_WORK INSTRUCTION:_ From the records below, output exactly the lines starting at the line with "Originele box Audemars" and ending at the line with "Ghế Gaming DXRacer", both of them included, but no pictures.

══ RECORDS TO PROCESS

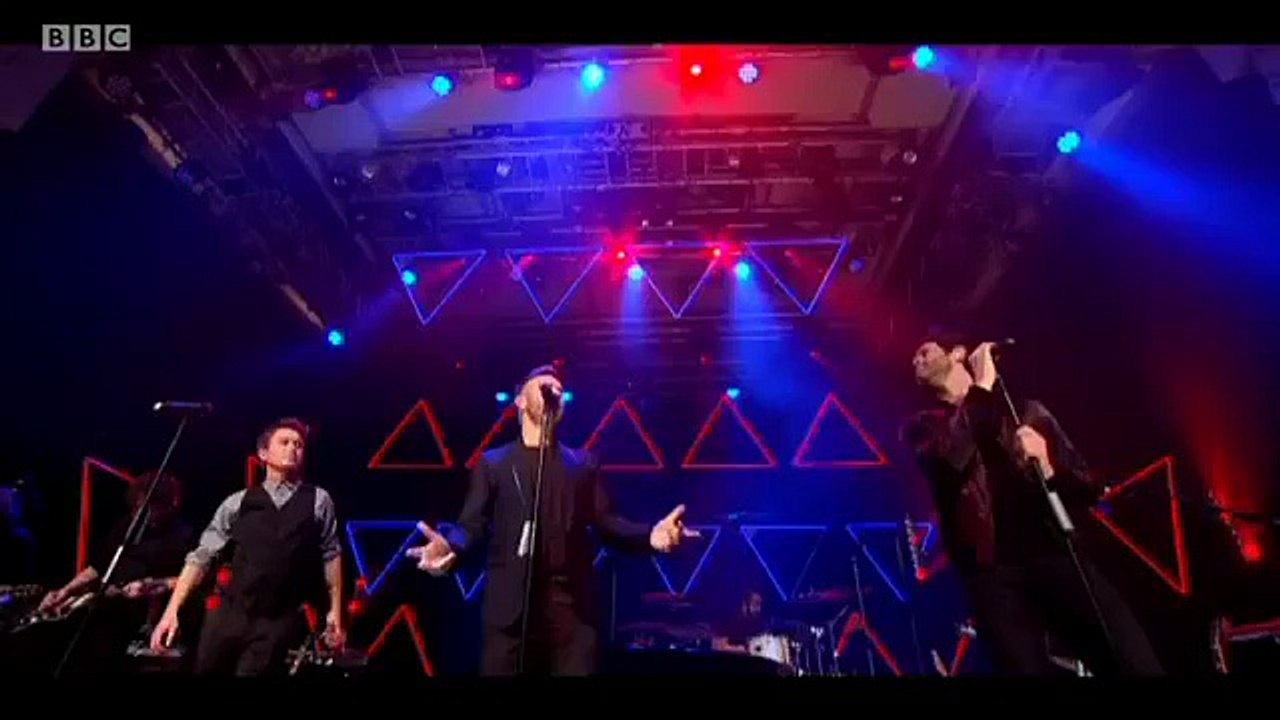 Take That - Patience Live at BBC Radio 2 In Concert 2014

════
══ RECORDS TO PROCESS

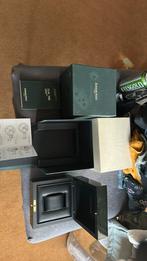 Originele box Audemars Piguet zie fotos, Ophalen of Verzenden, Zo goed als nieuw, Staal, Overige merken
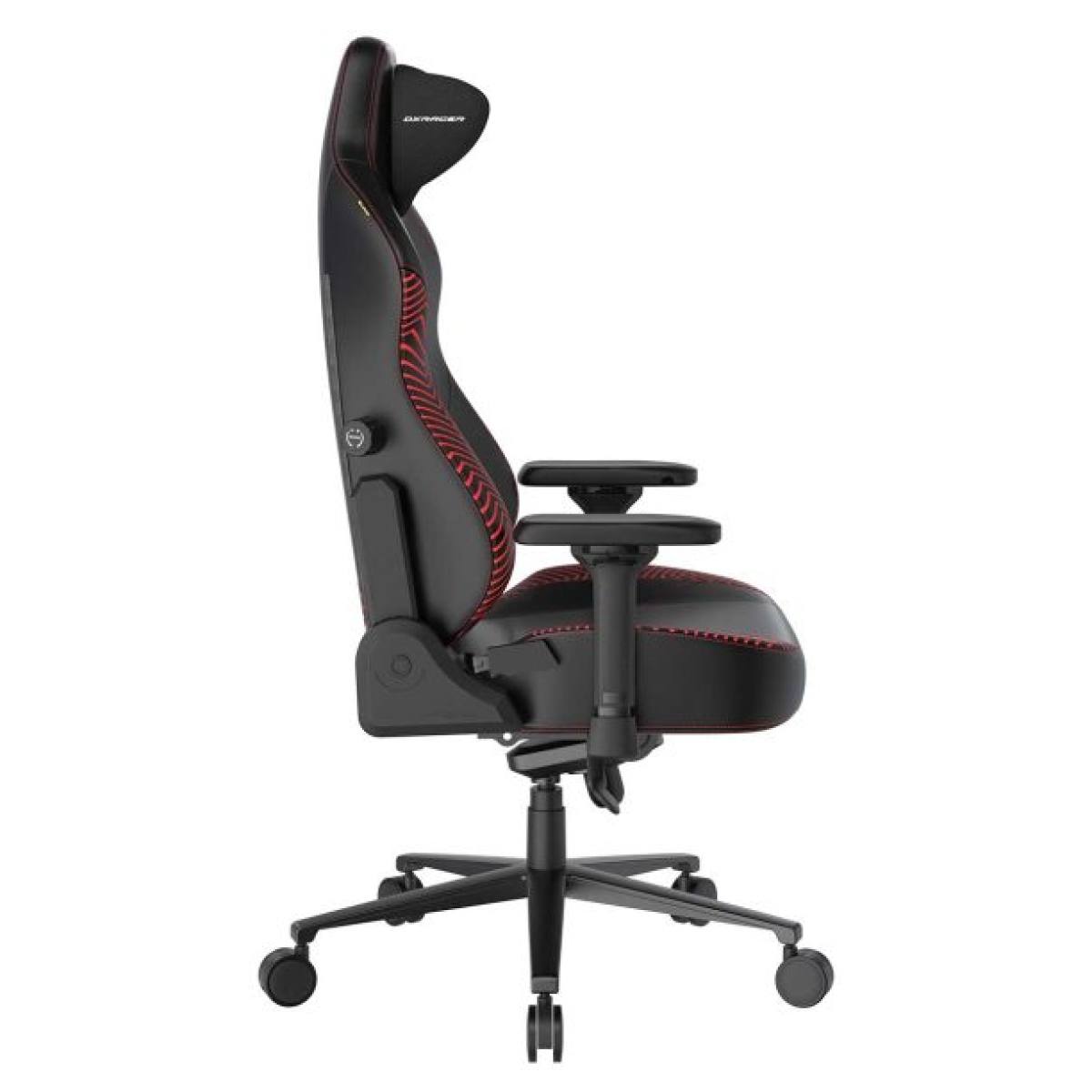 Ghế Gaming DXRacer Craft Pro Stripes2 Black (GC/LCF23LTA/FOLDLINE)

════
══ RECORDS TO PROCESS

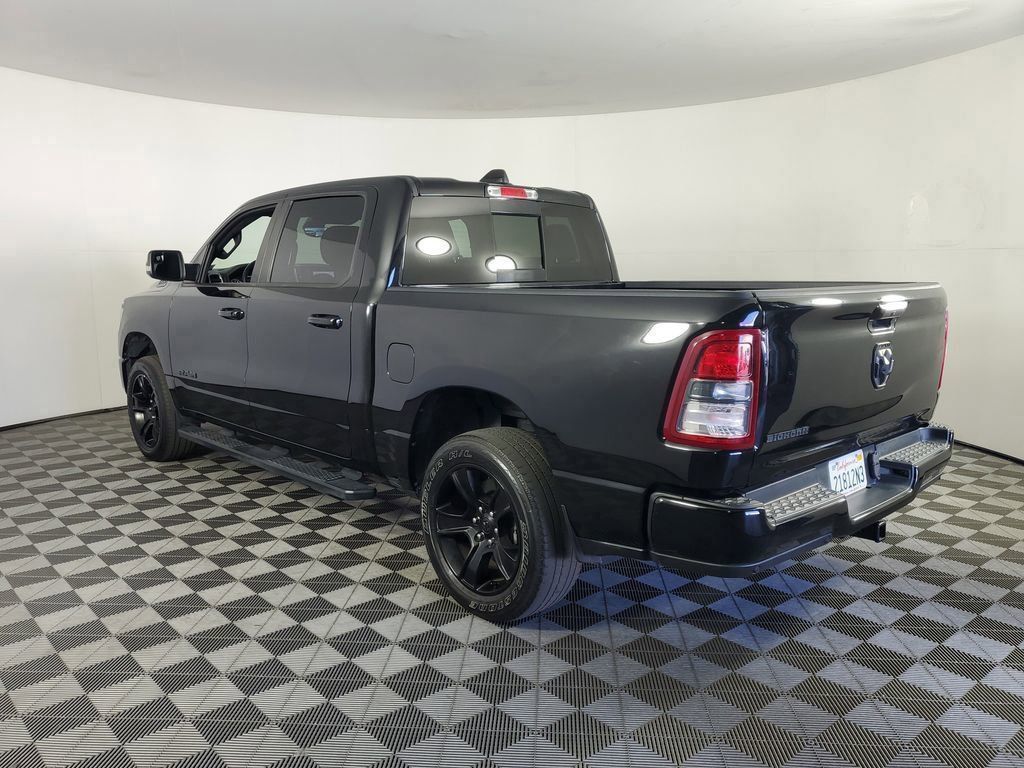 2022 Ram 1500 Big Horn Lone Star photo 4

════

_TASK RESPONSE:_
 Originele box Audemars Piguet zie fotos, Ophalen of Verzenden, Zo goed als nieuw, Staal, Overige merken
 Ghế Gaming DXRacer Craft Pro Stripes2 Black (GC/LCF23LTA/FOLDLINE)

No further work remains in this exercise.